Depicting the most influential Ancient Greek philosophers in a typical temple-like scenario, the School of Athens has always been associated with the celebration of the highest peaks ever reached by human knowledge.
This interpretation is perfectly in line with the ideal of the Renaissance as a cultural as well as an artistic movement: the intellectual effort of the time (from the 14th to 17th century) was dedicated to celebrating and rediscovering the glorious past of Greek and Latin philosophy, art and literature.
If you simply google ‘Enlightenment’ or ‘Western Philosophy’ and look up their definition on Wikipedia, you will unsurprisingly find the School of Athens fresco used as the image that supports and in some way explains what the aforementioned definitions are about.
If its genius is evident, its intention clear, its location is also worthy of consideration.
This beautiful depiction is part of a series of frescoes in the Stanza della Segnatura, one of the many rooms which were commissioned by various Popes over the centuries and more specifically during the Rinascimento (Renaissance, in the way Raphael would say it).
More specifically, the Stanza della Segnatura is part of the Stanze di Raffaello (Raphael’s rooms), a complex of rooms which Raphael was commissioned to paint by Pope Julius II in the Apostolic Palace, in modern day Vatican City.

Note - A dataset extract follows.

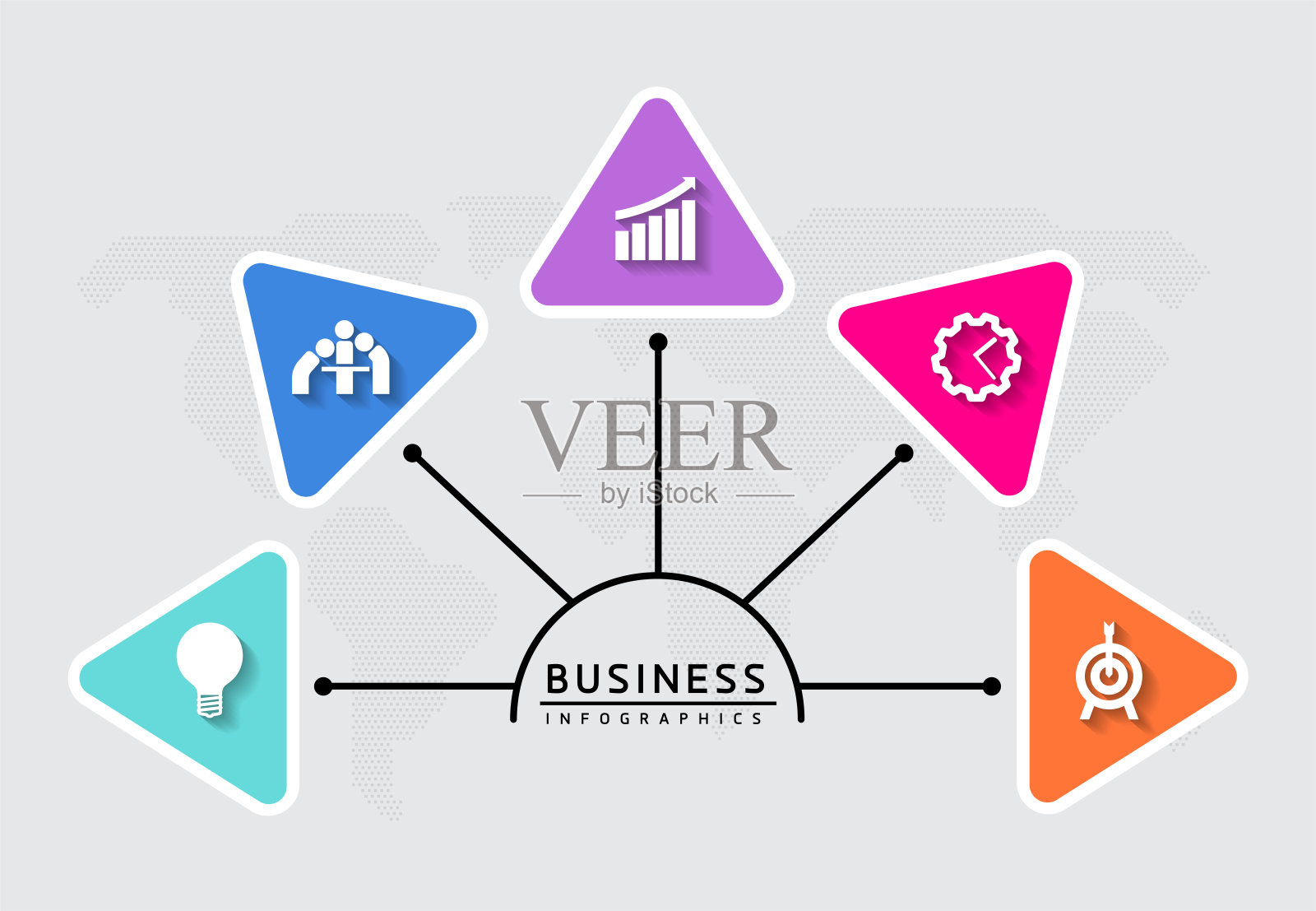 矢量商业演示连接步骤信息图模板插画图片素材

The ‘Signatura’ was a tribunal in which various papal papers were signed and in this particular room there were four frescoes: the Disputation of the Holy Sacrament, the Parnassus, the School of Athens and the Cardinal Virtues.
While the first and the last were clearly religiously-themed and perfectly in line with the location in which they were realised (one representing the Sacrament of the Eucharist and the other one the main Christian virtues of Faith, Hope and Charity), the second and third paintings were more distinctively human, celebrating man’s knowledge and wisdom (Literature, Poetry and Philosophy). The scenario thus described allows the observer to understand how the religious and humanistic aspects are unified in this room, following the intention of the Papal commission.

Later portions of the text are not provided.